BEGIN INPUT MATERIAL
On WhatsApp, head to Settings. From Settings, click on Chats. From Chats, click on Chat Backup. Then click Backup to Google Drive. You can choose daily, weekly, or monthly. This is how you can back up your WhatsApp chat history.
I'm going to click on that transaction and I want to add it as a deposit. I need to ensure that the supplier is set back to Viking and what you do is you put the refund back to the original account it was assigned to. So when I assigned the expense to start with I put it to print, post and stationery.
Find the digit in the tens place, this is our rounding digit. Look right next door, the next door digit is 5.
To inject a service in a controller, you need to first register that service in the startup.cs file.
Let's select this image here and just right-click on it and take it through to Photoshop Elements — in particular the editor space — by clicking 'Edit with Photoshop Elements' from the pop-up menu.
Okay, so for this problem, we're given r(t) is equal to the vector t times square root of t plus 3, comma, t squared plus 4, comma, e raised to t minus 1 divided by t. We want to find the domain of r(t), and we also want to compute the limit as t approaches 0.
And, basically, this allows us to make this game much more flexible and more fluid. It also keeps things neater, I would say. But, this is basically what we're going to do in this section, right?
END INPUT MATERIAL
BEGIN INPUT MATERIAL
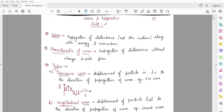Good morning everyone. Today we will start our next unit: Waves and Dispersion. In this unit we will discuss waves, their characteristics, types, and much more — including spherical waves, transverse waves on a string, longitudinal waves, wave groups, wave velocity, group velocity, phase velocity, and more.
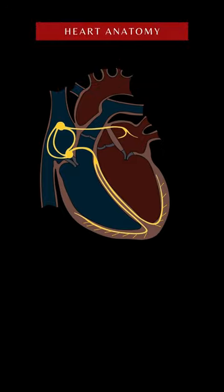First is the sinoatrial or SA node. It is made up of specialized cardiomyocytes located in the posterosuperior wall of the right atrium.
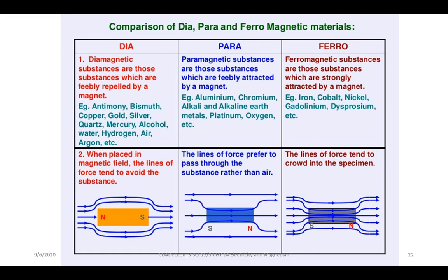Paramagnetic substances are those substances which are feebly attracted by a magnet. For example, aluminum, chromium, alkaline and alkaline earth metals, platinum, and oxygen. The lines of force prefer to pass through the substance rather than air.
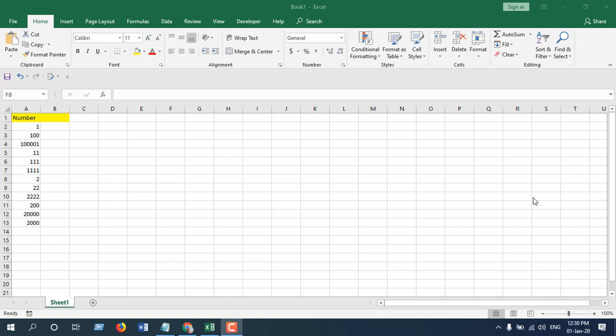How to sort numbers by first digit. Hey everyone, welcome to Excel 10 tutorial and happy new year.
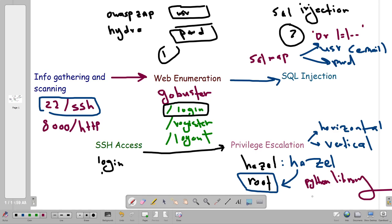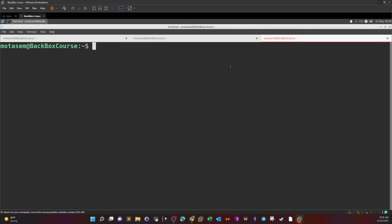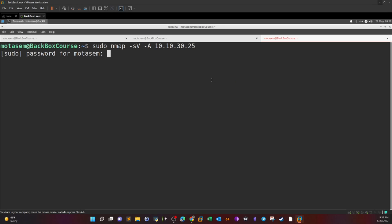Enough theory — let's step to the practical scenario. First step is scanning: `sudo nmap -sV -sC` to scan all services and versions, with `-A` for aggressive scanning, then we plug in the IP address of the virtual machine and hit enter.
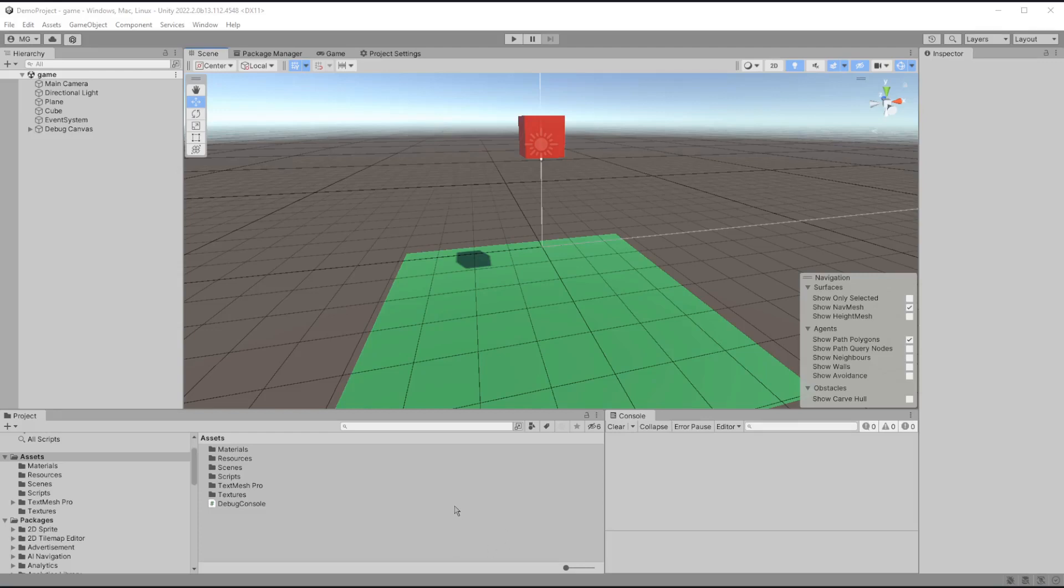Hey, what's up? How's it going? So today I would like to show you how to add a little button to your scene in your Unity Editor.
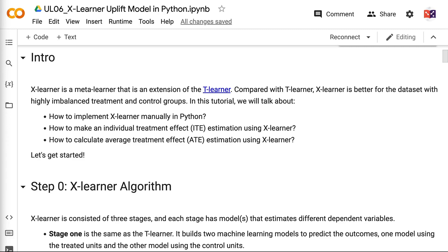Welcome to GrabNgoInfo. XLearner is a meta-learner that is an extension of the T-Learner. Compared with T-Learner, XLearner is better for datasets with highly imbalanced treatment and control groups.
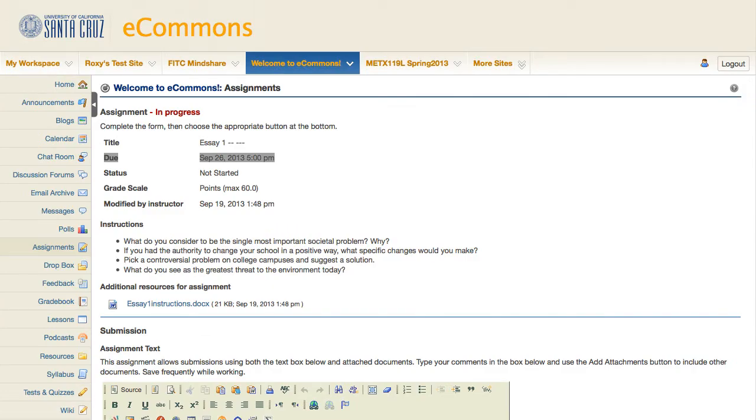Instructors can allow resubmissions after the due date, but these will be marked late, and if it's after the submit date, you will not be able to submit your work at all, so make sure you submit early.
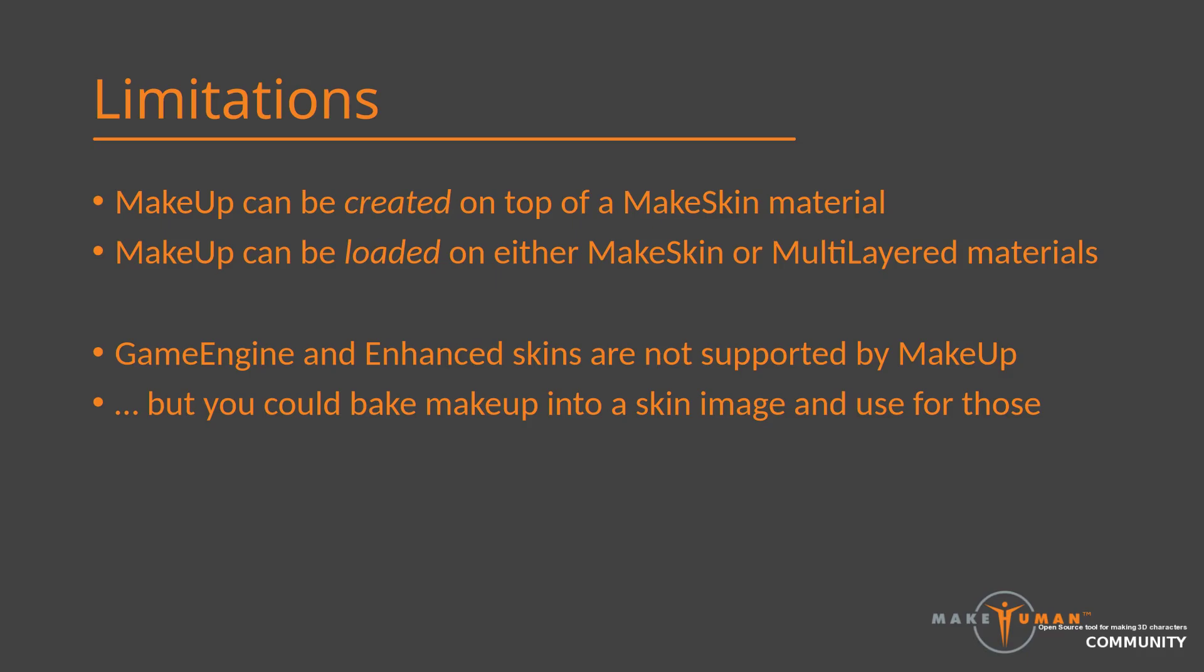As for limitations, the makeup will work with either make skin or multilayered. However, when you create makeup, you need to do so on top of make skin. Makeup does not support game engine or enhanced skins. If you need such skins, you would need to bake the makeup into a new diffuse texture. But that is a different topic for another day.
END INPUT MATERIAL
BEGIN INPUT MATERIAL
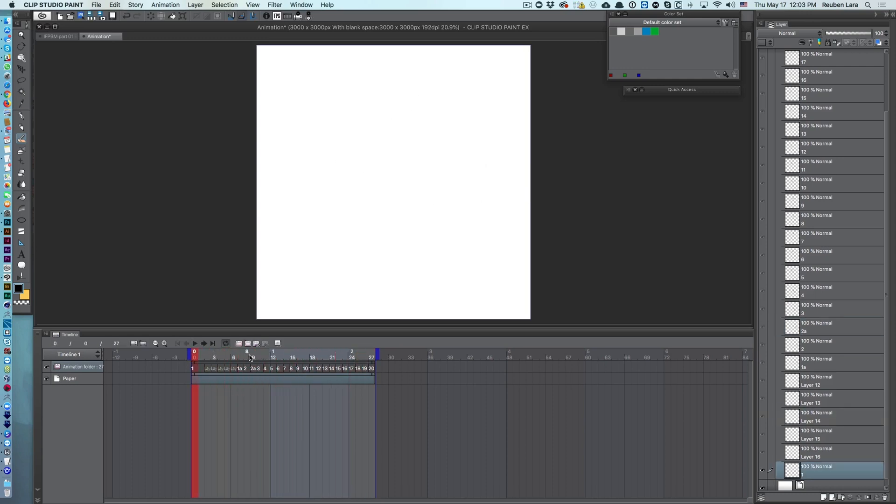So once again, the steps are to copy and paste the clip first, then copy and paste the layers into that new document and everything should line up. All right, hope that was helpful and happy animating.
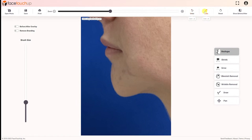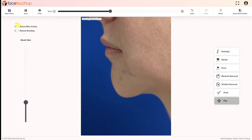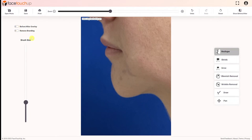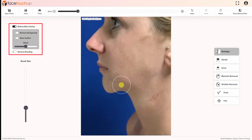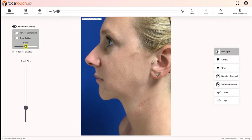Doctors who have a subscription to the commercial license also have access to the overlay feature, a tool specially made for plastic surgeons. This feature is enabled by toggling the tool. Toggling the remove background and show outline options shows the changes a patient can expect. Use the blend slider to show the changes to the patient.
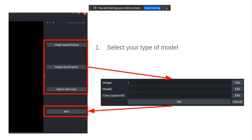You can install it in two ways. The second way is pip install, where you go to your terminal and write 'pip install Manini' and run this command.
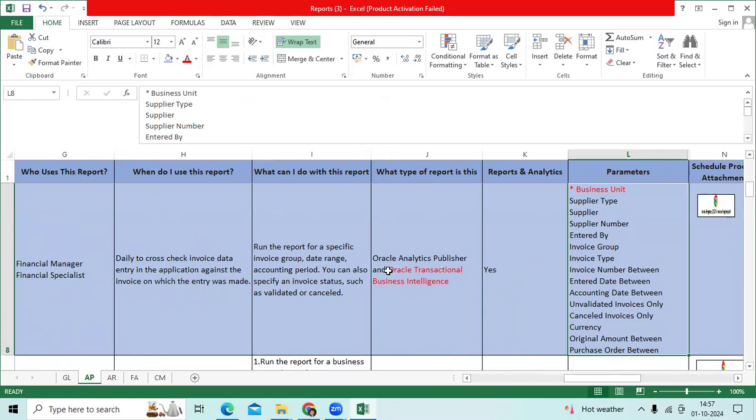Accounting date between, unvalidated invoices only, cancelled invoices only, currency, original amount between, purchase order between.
END INPUT MATERIAL
- **TASK DETAILS**
Would you print exactly and only the lines of the material above that run from the line with "Find the digit" through the line with "Let's select this", both included?

- **EXERCISE RESPONSE**
Find the digit in the tens place, this is our rounding digit. Look right next door, the next door digit is 5.
To inject a service in a controller, you need to first register that service in the startup.cs file.
Let's select this image here and just right-click on it and take it through to Photoshop Elements — in particular the editor space — by clicking 'Edit with Photoshop Elements' from the pop-up menu.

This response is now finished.